Il futuro papa Paolo VI tornò a riflettere sul concetto di santità in un altro scritto, anch’esso senza data e sempre custodito dall’Istituto Paolo VI, intitolato proprio Santità, nel quale riferendosi alle Scritture distingueva la «santità-sforzo» dalla «santità-risultato», in quanto «la prima è dovere. Essa non ha grandezza, abitualmente. Ha coerenza, perseveranza, persuasione. Non ha pretese oltre l’atto, oltre l’attimo». E allora «non va commisurata su la grandezza eroica, drammatica dei personaggi celebri, sebbene a volte raggiunga grandezza straordinaria anche di questo genere. Ma va cercata la sua essenza nell’influsso creato nell’anima dall’elemento soprannaturale. La più prossima espressione riconoscibile di tale influsso è quindi “uno spirito”, un’interiorità, un’attività psicologica particolare, una pietà, un’adesione alla religione che costituisce il centro motore di tutta l’altra attività libera dell’uomo». Montini giungeva dunque a conclusione che la «santità in esercizio», quella richiesta a tutti i cristiani, non è altro che «un continuo duplice atto di umiltà e di fiducia per disporre l’anima a compiere, come ricevuti in dono, gli altri atti di fede, di speranza, di amore e quelli dell’azione buona e forte esteriore».

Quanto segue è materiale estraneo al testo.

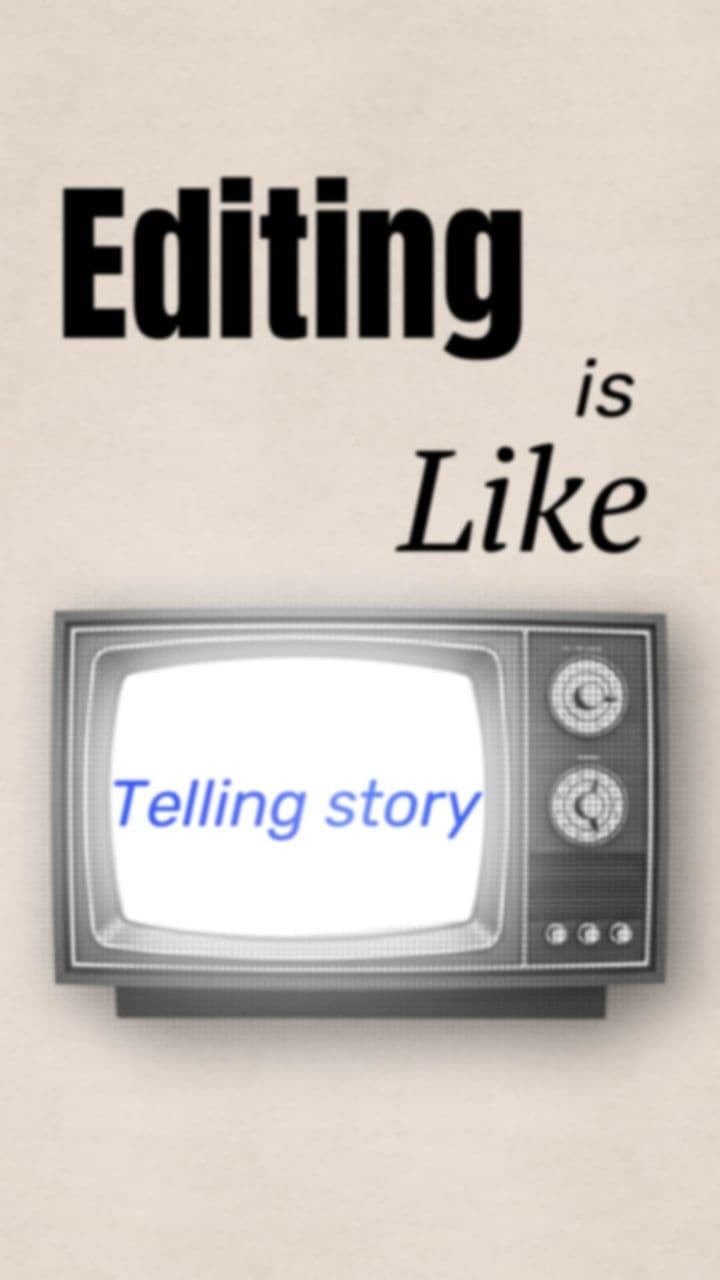 template 2-Line Contrast Reveal on TV Mockup | Dramatic Shift Animation for Key Messaging preview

Così intesa e vissuta, la santità avrebbe rappresentato la realizzazione «più vera, più autentica, più piena della vita, quale il Signore l’ha creata», come dirà da arcivescovo di Milano, nel 1958, parlando alle Suore di Maria Bambina, congregazione dalla quale provenivano le religiose che gli prestarono assistenza personale durante l’episcopato e il pontificato, fino alla sua morte. Ad esse il futuro Paolo VI spiegò che «la santità non consiste né nei voti, né nella regola», ma si fonda essenzialmente e concretamente nella carità, termine prediletto da Montini che ne declinava il significato nei più diversi contesti. «Una carità – osservava l’allora l’arcivescovo di Milano – che ci porta fuori, che ci porta lontano, che è ansia del bene in se stesso, che in una parola, è amore di Dio: questa è santità verace ed autentica». Non solo ai religiosi e ai consacrati, pertanto, era riservata la privilegiata prerogativa di perseguire la propria santificazione personale; e nemmeno ai pontefici ai quali, in maniera esclusiva, è riservato il titolo di «Sua Santità» ragion per cui «ciascuno a suo modo» – affermava Montini sempre nel 1958, nel discorso tenuto in Duomo a Milano per l’elezione di Giovanni XXIII – pensa alla santità «congiunta con la grande e misteriosa missione del Pontificato Romano, cattolici e non cattolici».

Invece anche i laici, «esperti di vita» dovevano perseguire la perfezione cristiana proprio operando nel mondo e santificandolo con la loro testimonianza d’amore. Lo spiegò bene Paolo VI, esattamente cinquant’anni fa, quando nell’aprile 1968, ricevette i membri dell’Istituto secolare Cristo Re, fondato a Milano da Giuseppe Lazzati [recentemente dichiarato venerabile e che fu anche, per alcuni anni, direttore del quotidiano cattolico di Milano L’Italia, che fondendosi nel 1968 con il quotidiano cattolico di Bologna, L’Avvenire d’Italia darà vita il 4 dicembre 1968 ad Avvenire]. In quella circostanza, lasciando il testo del discorso già predisposto e improvvisando come spesso accadeva, papa Montini ricordò una conversazione con Lazzati «che per noi restò memorabile, nella quale egli ci spiegava – rammentava Paolo VI, parlando a braccio – che la vita nel mondo, (…) non è soltanto l’ostacolo da vincere, non è soltanto l’ambiente in cui navigare e farsi il proprio sentiero per salvare l’anima propria e probabilmente l’altrui, ma è il campo fecondo, è la stessa sorgente qualificante della vostra spiritualità e, diciamo pure, della vostra santità: la professione diventa un elemento positivo invece che negativo o neutro; diventa lo stimolo continuo a mettere in esercizio quella famosa consecratio mundi che dovrebbe a Dio piacendo, cambiare un po’ la faccia delle cose profane e temporali, e renderle, nel rispetto della loro natura e delle leggi con cui si volgono e si affermano, degne del Regno dì Dio».